SOURCE MATERIAL:

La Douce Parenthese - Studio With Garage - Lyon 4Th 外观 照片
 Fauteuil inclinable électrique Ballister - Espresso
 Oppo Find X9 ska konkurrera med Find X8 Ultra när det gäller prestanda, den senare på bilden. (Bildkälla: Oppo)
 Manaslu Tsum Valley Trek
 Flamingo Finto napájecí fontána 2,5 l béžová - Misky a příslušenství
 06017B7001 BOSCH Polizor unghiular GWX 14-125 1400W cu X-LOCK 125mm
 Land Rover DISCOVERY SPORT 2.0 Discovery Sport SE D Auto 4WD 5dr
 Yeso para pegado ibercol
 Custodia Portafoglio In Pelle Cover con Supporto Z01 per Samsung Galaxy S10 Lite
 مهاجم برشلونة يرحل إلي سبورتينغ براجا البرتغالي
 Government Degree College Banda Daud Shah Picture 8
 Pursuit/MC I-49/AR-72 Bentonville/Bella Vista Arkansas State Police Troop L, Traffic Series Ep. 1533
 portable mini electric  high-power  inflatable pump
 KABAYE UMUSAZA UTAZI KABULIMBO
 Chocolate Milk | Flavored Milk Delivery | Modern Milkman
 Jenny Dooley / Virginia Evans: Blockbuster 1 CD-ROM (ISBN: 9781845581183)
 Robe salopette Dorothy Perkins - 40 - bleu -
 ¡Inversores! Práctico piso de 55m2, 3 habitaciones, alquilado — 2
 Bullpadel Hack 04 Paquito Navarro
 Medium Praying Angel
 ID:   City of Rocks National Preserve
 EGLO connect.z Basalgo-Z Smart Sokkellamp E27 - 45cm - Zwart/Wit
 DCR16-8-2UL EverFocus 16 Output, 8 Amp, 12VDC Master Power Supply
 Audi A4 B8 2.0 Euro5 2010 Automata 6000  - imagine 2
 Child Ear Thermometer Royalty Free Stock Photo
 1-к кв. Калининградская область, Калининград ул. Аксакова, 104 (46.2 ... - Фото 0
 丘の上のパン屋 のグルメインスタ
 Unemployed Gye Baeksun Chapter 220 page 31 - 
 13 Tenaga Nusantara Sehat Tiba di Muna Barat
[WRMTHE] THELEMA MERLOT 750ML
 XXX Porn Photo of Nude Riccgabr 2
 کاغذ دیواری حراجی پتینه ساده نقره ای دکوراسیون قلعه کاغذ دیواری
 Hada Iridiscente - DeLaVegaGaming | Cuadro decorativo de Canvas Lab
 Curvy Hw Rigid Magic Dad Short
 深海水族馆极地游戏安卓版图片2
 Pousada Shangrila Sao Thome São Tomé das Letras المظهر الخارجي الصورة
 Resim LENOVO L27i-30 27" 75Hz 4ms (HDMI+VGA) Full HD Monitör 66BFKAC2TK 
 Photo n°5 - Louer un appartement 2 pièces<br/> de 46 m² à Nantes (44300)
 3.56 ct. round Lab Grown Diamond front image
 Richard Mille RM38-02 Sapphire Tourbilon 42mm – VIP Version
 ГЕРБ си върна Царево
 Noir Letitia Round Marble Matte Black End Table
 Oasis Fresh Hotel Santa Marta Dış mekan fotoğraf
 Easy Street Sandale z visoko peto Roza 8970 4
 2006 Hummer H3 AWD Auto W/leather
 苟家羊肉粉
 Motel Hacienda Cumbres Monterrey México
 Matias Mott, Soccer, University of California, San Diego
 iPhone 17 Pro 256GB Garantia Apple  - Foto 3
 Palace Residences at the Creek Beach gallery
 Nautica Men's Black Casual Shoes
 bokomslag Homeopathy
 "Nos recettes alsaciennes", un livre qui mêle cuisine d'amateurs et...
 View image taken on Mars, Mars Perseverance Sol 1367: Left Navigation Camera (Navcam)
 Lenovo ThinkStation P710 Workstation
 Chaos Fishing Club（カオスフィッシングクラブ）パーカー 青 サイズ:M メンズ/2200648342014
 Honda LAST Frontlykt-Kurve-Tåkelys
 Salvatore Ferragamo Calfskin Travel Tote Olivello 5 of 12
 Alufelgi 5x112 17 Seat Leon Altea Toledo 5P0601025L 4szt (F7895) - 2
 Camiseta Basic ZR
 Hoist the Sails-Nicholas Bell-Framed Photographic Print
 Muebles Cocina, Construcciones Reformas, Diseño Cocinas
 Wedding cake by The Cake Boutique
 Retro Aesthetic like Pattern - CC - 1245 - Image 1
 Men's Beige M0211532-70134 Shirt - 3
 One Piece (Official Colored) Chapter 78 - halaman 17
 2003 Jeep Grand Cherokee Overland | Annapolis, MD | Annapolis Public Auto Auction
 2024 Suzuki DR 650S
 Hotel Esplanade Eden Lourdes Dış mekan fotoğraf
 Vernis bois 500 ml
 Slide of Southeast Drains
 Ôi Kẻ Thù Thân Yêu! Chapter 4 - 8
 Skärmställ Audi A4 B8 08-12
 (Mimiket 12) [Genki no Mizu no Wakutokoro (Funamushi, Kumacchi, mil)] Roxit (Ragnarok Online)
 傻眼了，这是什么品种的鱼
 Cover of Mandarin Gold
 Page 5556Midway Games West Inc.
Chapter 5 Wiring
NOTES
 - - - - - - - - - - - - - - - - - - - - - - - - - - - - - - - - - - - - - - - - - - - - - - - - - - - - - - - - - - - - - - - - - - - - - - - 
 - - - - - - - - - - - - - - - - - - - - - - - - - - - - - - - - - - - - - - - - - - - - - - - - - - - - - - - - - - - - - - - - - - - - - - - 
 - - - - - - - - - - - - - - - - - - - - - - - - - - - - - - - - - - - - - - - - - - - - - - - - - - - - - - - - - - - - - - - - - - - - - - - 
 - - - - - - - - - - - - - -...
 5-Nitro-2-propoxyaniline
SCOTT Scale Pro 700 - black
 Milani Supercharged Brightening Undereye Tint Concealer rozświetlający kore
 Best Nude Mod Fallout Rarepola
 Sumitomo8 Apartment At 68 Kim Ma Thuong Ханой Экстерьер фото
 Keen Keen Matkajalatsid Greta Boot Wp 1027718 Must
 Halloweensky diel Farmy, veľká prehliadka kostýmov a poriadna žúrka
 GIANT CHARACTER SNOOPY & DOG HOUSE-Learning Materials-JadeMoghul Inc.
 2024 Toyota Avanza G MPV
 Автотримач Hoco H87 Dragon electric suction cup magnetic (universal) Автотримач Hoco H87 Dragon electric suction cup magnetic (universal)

TASK REQUIREMENTS:
Every line above from the line with "Hada Iridiscente - DeLaVegaGaming" to the line with "Chaos Fishing Club（カオスフィッシングクラブ）パーカー", inclusive, must be returned exactly; no other line belongs in the reply.

SOLVED EXERCISE:
 Hada Iridiscente - DeLaVegaGaming | Cuadro decorativo de Canvas Lab
 Curvy Hw Rigid Magic Dad Short
 深海水族馆极地游戏安卓版图片2
 Pousada Shangrila Sao Thome São Tomé das Letras المظهر الخارجي الصورة
 Resim LENOVO L27i-30 27" 75Hz 4ms (HDMI+VGA) Full HD Monitör 66BFKAC2TK 
 Photo n°5 - Louer un appartement 2 pièces<br/> de 46 m² à Nantes (44300)
 3.56 ct. round Lab Grown Diamond front image
 Richard Mille RM38-02 Sapphire Tourbilon 42mm – VIP Version
 ГЕРБ си върна Царево
 Noir Letitia Round Marble Matte Black End Table
 Oasis Fresh Hotel Santa Marta Dış mekan fotoğraf
 Easy Street Sandale z visoko peto Roza 8970 4
 2006 Hummer H3 AWD Auto W/leather
 苟家羊肉粉
 Motel Hacienda Cumbres Monterrey México
 Matias Mott, Soccer, University of California, San Diego
 iPhone 17 Pro 256GB Garantia Apple  - Foto 3
 Palace Residences at the Creek Beach gallery
 Nautica Men's Black Casual Shoes
 bokomslag Homeopathy
 "Nos recettes alsaciennes", un livre qui mêle cuisine d'amateurs et...
 View image taken on Mars, Mars Perseverance Sol 1367: Left Navigation Camera (Navcam)
 Lenovo ThinkStation P710 Workstation
 Chaos Fishing Club（カオスフィッシングクラブ）パーカー 青 サイズ:M メンズ/2200648342014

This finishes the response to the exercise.